After learning the basics I started to configure the vagrant file in order to make it more suitable for my needs. It’s still a very very simple file but I have couple of provisions, setup scripts for MySQL, ngingx and mongo and the needed port forwards and IP bindings. So in the case I need to drop the image I can have useful dev environment up and running in short time. I still need to figure out the needed Python lib installs (requirement file would be sufficient I suppose) but those are minor nuisances at the moment.

I have also checked the Docker but haven’t really figured out a real use case so I’ll leave it for now.

Learning – how?

The biggest hurdles for me so far have been lack of clear vision. I’m not planning on creating the next wazoo! app (or something hip, along those those lines) as I’d rather develop my skills in order to match the realities of big data and move from traditional data warehouses.

But obviously the vision is not the only thing you need when learning new skills. One obviously needs some tutorials or guides when learning something completely new and the net has abundance of resources. A tricky question is which ones to use and focus on?


The first MOOC I came across was Udacity (for profit nowadays though) short after it was launched. I still check it occasionally and have multiple courses on my todo list but the early courses just feel, well old. And with that I mean the interface, not the content itself (even though that might be the case, not sure).

So, lately I have found myself logging into Code School. Surely it’s still growing the course base but for novices it has fairly good selection of modules and complete courses. And even though I really hate the intro songs (really annoiyng) the actual platform just seems fit to me. Plus the content, which is still the main driver here.

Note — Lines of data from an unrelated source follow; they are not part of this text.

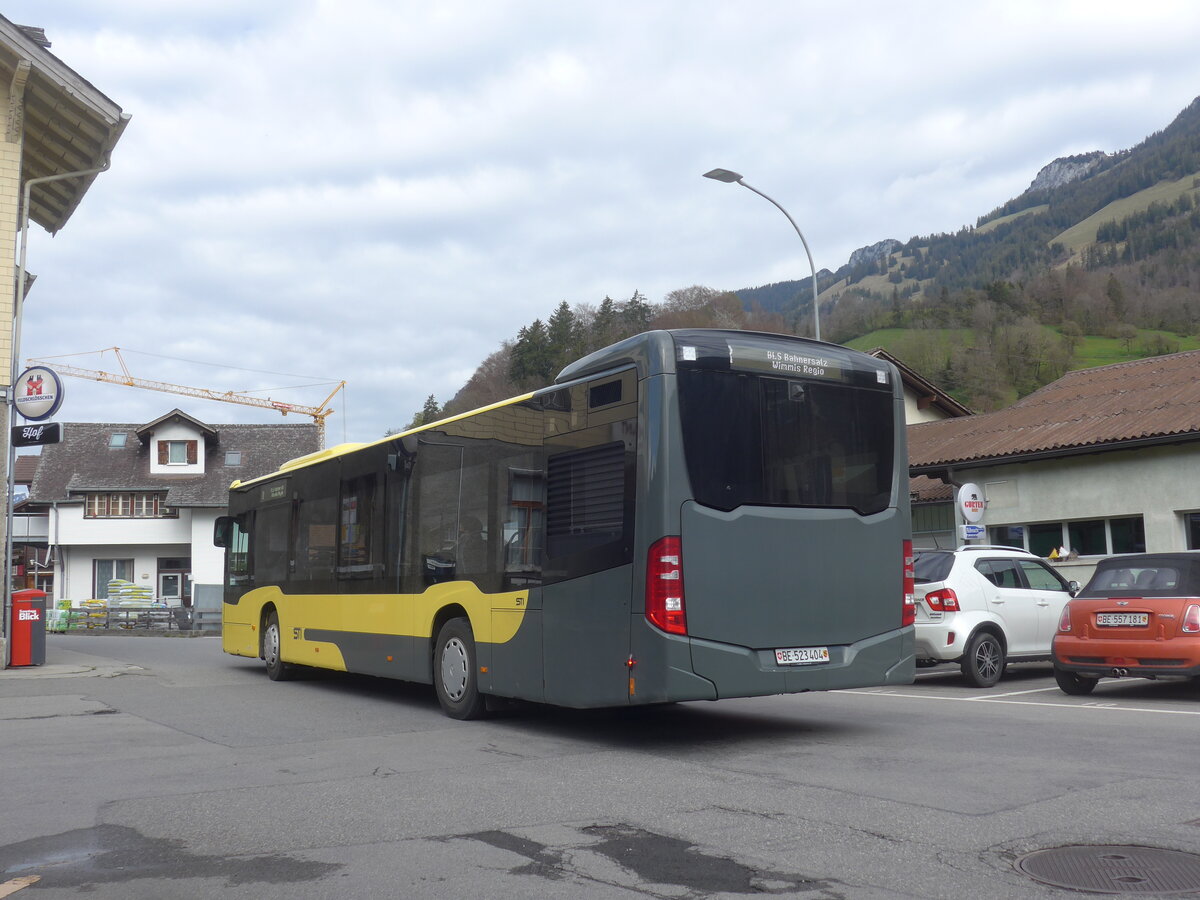 (225'330) - STI Thun - Nr. 404/BE 523'404 - Mercedes am 30. April 2021 beim Bahnhof Oey-Diemtigen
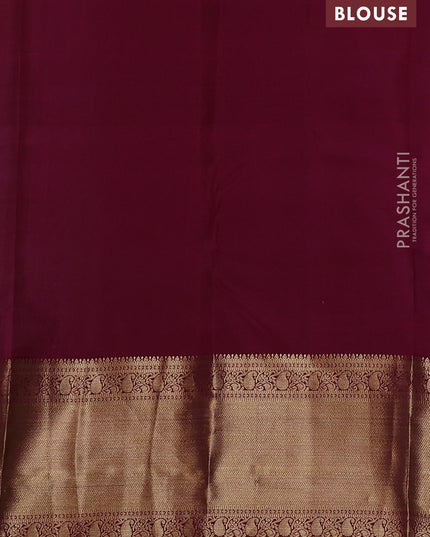 Pure kanchipuram silk saree pastel green and dark magenta pink with allover vairaosi pattern & zari buttas and long rich zari woven border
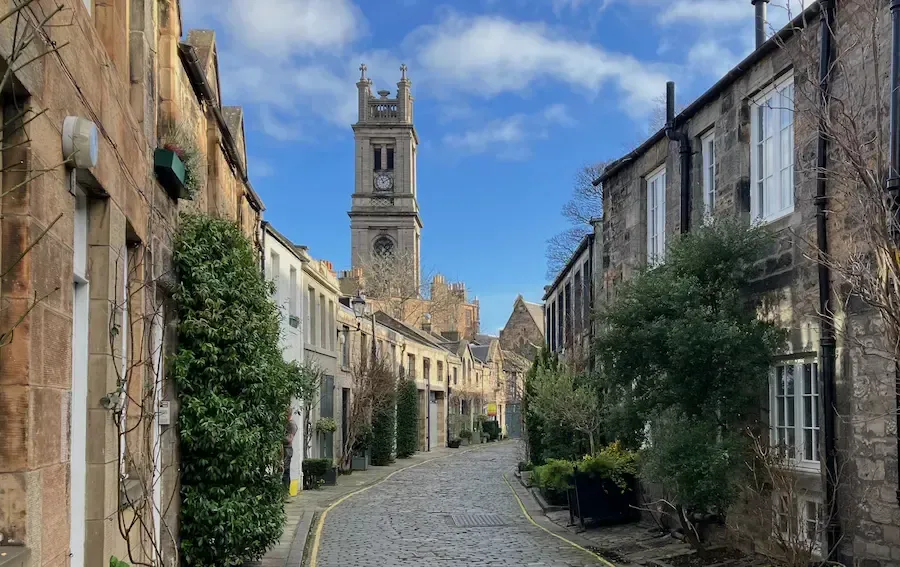Stone houses and floral displays on Circus Lane, a picturesque spot on an Edinburgh architecture walking tour.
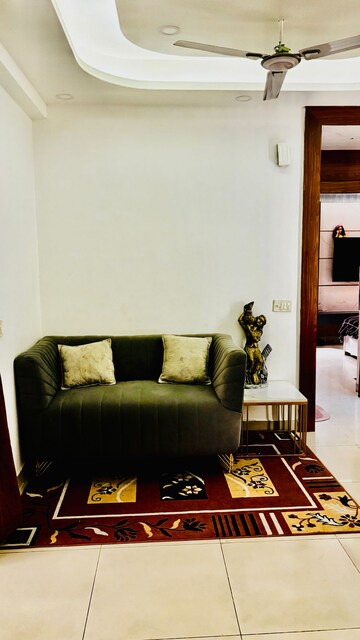 Master Plan in 3 BHK Builder Floor at Sector 37 – for Rent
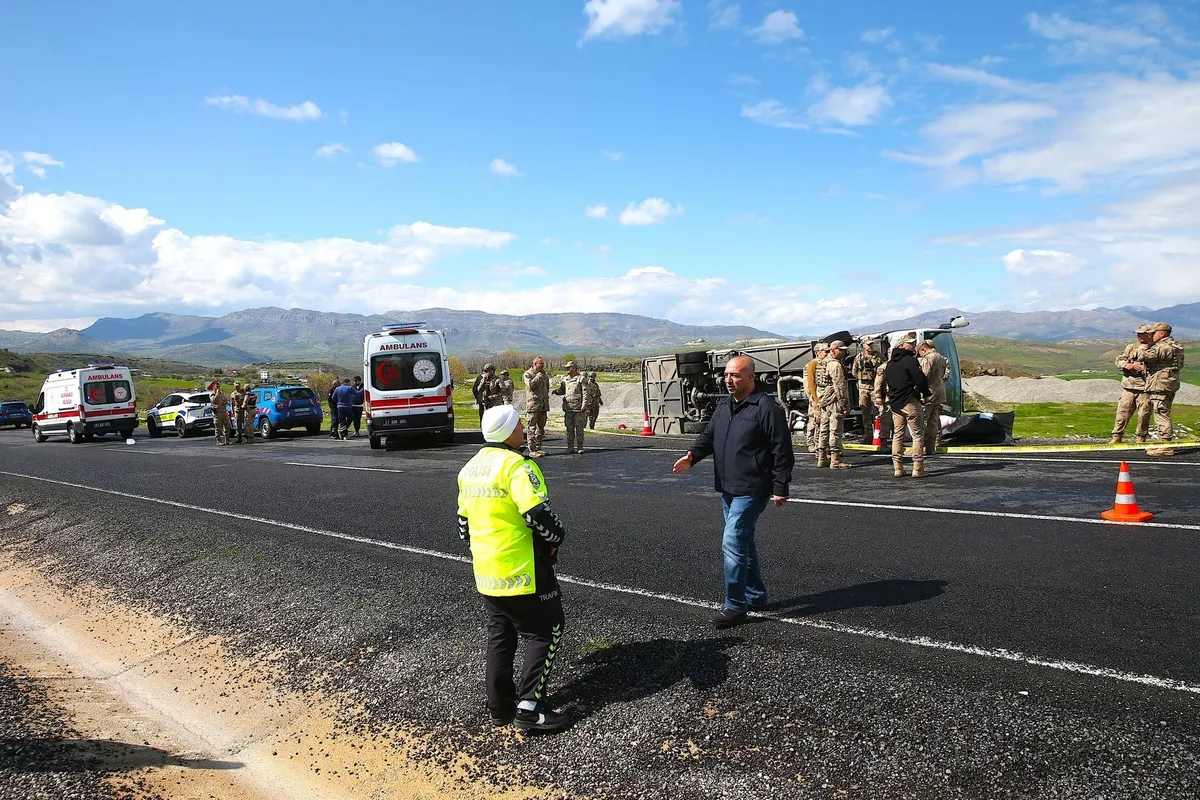 diyarbakirda-midibus-devrildi-olu-ve-yaralilar-var-1776778395992.jpeg Diyarbakır’da midibüs devrildi: Ölü ve yaralılar var-4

There are others too but I will stick with these two for now. I’m only subscribed to the Code School as Udacity has a reasonable amount of free (mini) courses. But perhaps during the next year I’ll try to achieve one of their nanodegrees. I just feel I need to build up my skills in order to decide which one(s) to pursue.

Other online resources

I have found myself drawn to Stack overflow whenever I need information as so far I haven’t had a question which wasn’t asked. And with some searching you will also find the right questions being answered to as well 🙂

Online documentation of Python, JavaScript or other languages is a no brainer and those should be bookmarked.

And for the rest, just google and you shall find. I don’t really follow any specific forums or blogs, mostly because I would spend my time there instead of coding. Perhaps this blog will force me to see what and how others are tackling the issues. Let’s see.


I have purchased couple of Kindle books but with so much information readily available I haven’t had the need to spend too much on books. Plus also I have access to Books24x7 via the company I work for it makes no sense to spend too much on curated literature.